Data excerpt:
+ + + + +

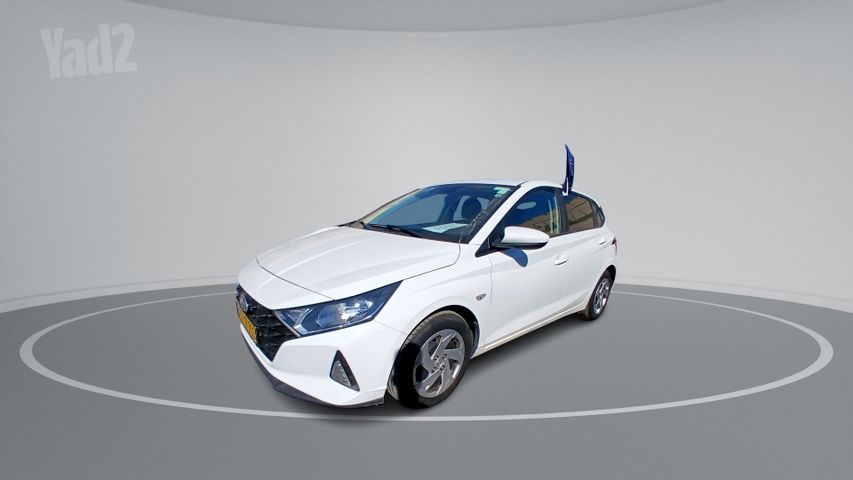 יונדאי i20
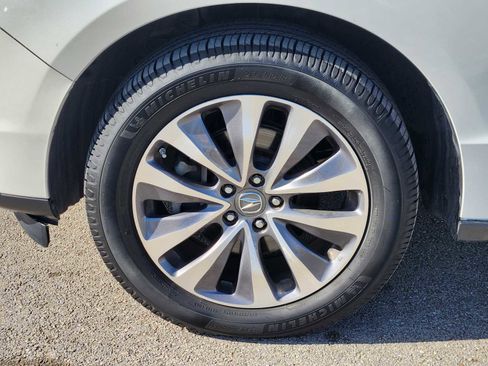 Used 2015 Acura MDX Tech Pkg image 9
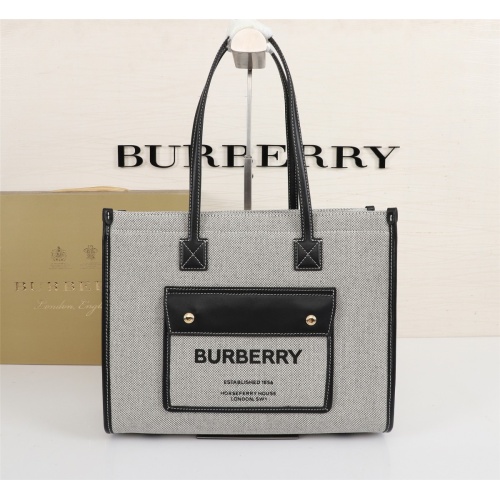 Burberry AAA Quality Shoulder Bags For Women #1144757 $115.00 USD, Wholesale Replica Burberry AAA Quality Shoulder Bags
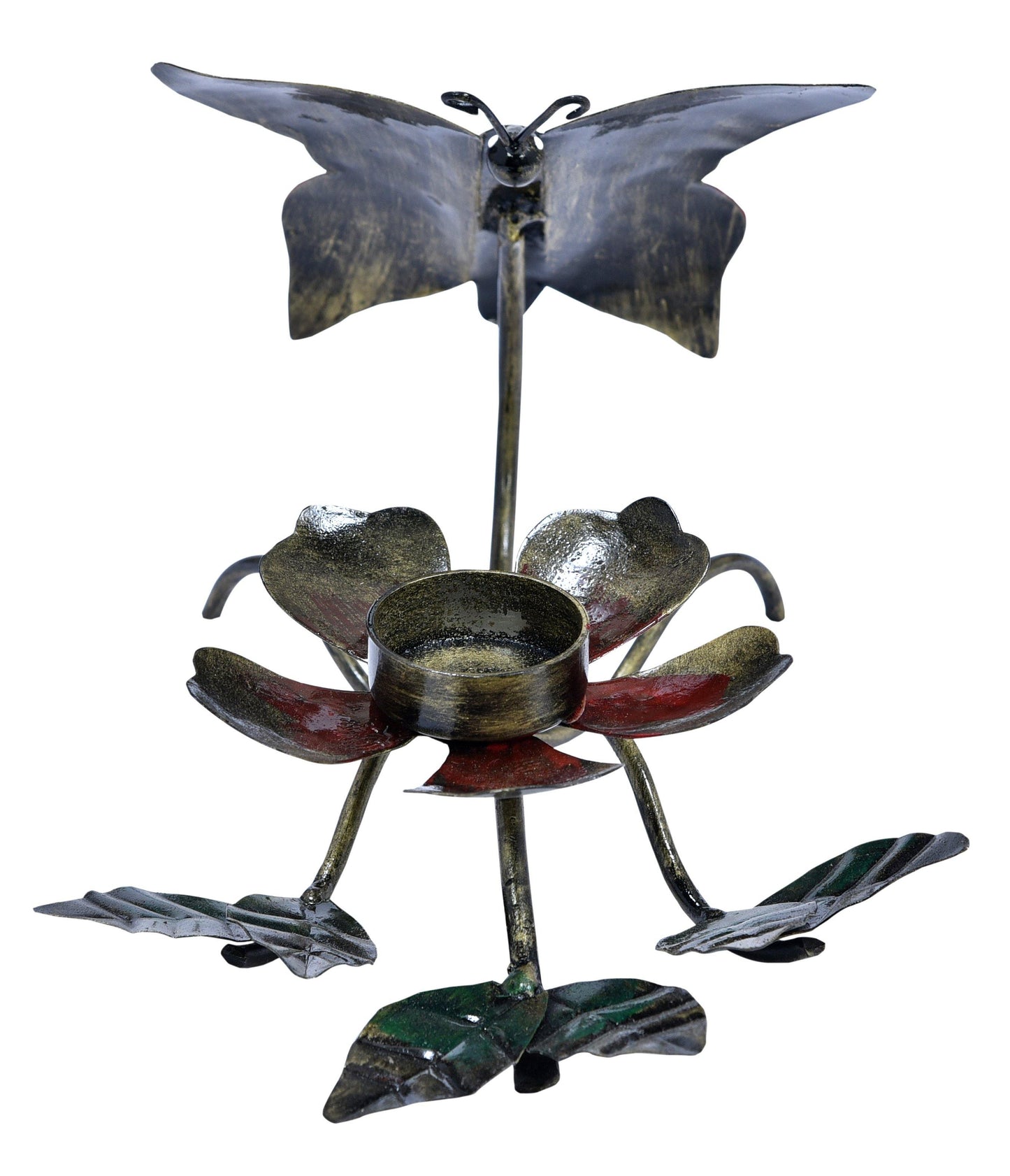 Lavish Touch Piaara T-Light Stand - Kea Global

+ + + + +

Work instructions: Would you output the data above exactly as written, but with no images?

Problem solution:
 יונדאי i20
 Used 2015 Acura MDX Tech Pkg image 9
 Burberry AAA Quality Shoulder Bags For Women #1144757 $115.00 USD, Wholesale Replica Burberry AAA Quality Shoulder Bags
 Lavish Touch Piaara T-Light Stand - Kea Global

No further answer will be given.